Category: Disability
Speaker(s):
Host(s):
What follows is a transcription of the audio recording. Due to differences between spoken and written English, the transcript may contain quirks of grammar and syntax.
MD - Michelle Drumm
CM - Colin Millar
PR - Pete Richmond
ES - Emma Soanes
MD On this podcast we’re going to hear from a number of different disability organisations and we’re going to be speaking about how they are coping and dealing with the current crisis. So first up we’re going to hear from an organisation called SPAEN. They are the Scottish Personal Employers Network. The network supports people with disabilities and long-term conditions in improving the use of self-directed support. So we heard from Colin Millar.
CM So SPAEN has been around for twenty years now. We support people who want to use a direct payment, or what’s not option 1 of the SDS Act, to employ their own carers, or personal assistants as we refer to them.
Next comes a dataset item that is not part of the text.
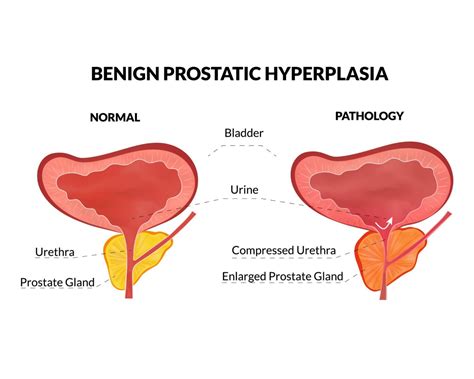 Early Signs of Benign Prostatic Enlargement - Enlarged Prostate ...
So we basically become that back office support offering advice on HR, health and safety, payroll, all these bits and pieces, just to enable people to use the care and support that’s available to them to live their best lives.
MD And now we’re facing a bit of a crisis, not only in social care but Scotland as a whole. I was reading on your website Colin that you provide support to individuals, so that could be PAs or employing PAs as well across Scotland?
MC Yep.
MD How does that affect your personal assistants?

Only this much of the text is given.